Like I commented to your question in my own build thread, HTB used by simple and simplest seem to perform weakly in dual-core R7800, especially with kernel 4.4 that is used for ipq806x with LEDE 17.01.
The main reason for the weak "simple" performance with HTB+fq_codel seems actually to be HTB, not fq_codel itself. It is also possible to use "simplest_tbf" that avoids HTB by using TBF but still normally uses fq_codel. That simplest_tbf performed much better than simple (at least with kernel 4.4).
So, irqbalance has made a huge difference: now with heavy torrenting, the ping latency is ~20ms (vs 11ms ideal) at 45/9 (the link is 50/10). Setting SQM speed to 47.5/9.5 makes the latency go to 50..100ms and higher.
@moeller0, now that I am no longer CPU bound, how can I further improve SQM on my router? DO I still need to disable gro/lro/gso/tso ? My current SQM settings are below.
Great that irqbalance helped you. But be cautious with it. Dissent1 noticed some problems if that was active quite at the boot. I did not achieve any magic improvement with it myself so I am normally not running it.
Could you try to probe the thresholds for both directions independently, say start with 45/9 and start to increase the egress step-wise until you figure out between which two values latency increase under load starts to rise steeply, then repeat the same for ingress. With a bit of luck you will end up with a better feel for the trade-off you are selecting between bandwidth sacrifice and latency under load increase. Please note that for ingress shaping it might be worth wile to also test with multiple ingress streams as the shaper is more approximate and will show more bufferbloat with higher numbers of data flows. There is a development in cake that might make cake more independent on the number of concurrent flows (at a small cost of total throughput), watch for the "ingress" keyword to appear...
If bufferbloat is under control I would recommend to leave the off loads alone, a) cake AFAIK will segment giant packets to avoid too much lumpiness in dequeueing and b) techniques like GRO and GSO help your router better deal with high traffic situations.
Regarding your config, I would probably add "mpu 64 to both eqdisc_opts and iqdisc_opts. Also I would add option "linklayer_adaptation_mechanism 'default'", and if that does not work option linklayer_adaptation_mechanism 'cake' as otherwise mpu 64 will not work at all.

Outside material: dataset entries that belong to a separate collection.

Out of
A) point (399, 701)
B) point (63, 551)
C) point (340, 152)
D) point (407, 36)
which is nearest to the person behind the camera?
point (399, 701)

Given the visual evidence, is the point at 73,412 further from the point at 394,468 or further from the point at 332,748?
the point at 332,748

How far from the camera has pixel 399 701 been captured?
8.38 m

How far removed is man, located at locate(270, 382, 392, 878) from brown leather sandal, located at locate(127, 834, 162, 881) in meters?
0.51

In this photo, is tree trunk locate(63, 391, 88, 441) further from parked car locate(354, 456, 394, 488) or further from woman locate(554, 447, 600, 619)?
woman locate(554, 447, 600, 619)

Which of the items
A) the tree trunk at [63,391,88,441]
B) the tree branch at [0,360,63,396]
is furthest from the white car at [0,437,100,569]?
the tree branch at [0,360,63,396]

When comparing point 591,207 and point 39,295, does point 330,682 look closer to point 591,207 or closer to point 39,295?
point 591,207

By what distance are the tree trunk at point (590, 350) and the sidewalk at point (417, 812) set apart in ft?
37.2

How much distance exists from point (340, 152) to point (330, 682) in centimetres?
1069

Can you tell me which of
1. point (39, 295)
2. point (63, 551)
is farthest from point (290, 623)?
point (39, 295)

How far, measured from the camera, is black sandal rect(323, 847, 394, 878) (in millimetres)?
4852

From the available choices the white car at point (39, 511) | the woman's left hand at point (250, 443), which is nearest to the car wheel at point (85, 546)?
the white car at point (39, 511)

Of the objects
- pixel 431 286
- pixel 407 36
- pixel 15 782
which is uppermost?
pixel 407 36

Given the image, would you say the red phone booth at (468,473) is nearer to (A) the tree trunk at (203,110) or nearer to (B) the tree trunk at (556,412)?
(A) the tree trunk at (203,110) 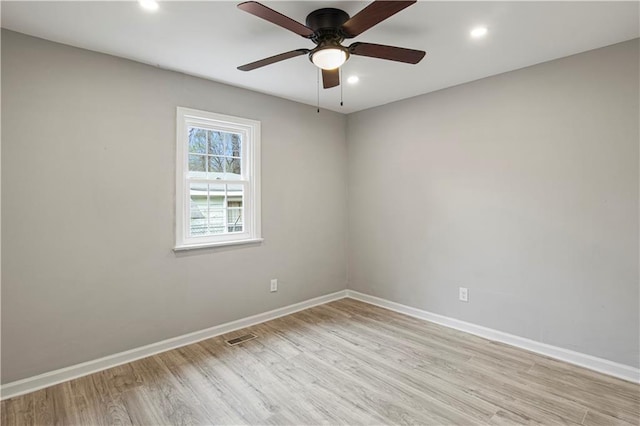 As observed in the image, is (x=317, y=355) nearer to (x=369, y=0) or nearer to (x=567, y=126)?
(x=369, y=0)

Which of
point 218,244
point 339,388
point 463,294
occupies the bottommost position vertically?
point 339,388

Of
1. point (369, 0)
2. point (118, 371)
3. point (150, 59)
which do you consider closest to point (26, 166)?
point (150, 59)

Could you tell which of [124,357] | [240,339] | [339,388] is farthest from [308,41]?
[124,357]

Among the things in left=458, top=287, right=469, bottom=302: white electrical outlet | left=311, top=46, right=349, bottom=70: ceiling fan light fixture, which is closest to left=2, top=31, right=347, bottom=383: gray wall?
left=311, top=46, right=349, bottom=70: ceiling fan light fixture

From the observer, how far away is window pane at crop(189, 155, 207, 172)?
3.20 metres

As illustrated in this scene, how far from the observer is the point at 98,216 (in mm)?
2607

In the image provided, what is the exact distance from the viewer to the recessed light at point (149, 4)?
1953mm

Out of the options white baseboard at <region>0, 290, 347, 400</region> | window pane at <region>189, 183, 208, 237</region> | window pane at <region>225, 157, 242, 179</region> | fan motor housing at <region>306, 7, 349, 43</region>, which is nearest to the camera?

But first check whether mpu is listed in the output of:
"tc qdisc add root cake help"
if it does not give usage information for mpu refrain from adding it to the qdisc_opts...
Well, not really, you still should test out what bandwidth settings you are comfortable with, I believe the bufferbloat/bandwith sacrifice trade-off is a policy decision where every user will have a (slightly) different preferece. So just play around until you are happy. I just want to help getting there....
Looks like I found the limit of my CPU: I cannot get more than 42M down no matter what download speed I configure above that value. The pings are 12..15..20ms (up from11ms) while heavy torrents are running while CPU utilization is at 60..75% across two cores.
Also pings remain at 11 ms while dslreport speed test is running with 32 concurrent downloads.
A steep price to pay (16% bandwidth) for improved latency, but hoping that newer versions will fix address this.
Well, a correction is in order: the high CPU usage was caused by the torrent, not SQM. With regular 32-stream dslreport test I can get very close to 50M/10M while maintaining awesome ping latency and still having >80% of idle CPU. I am happy with this results. Thx again to everyone who helped along the way.
No, not on the router. I have a Linux PC with two (1G) NICs connected to separate (1G) ports on the router. Torrents were running over one interface and pings were running over the other (two LXC containers). I had over 100 torrents of different ubuntu flavours downloading at the same time. I guess transmission opened so many sockets/streams that it put a huge strain on the router CPU.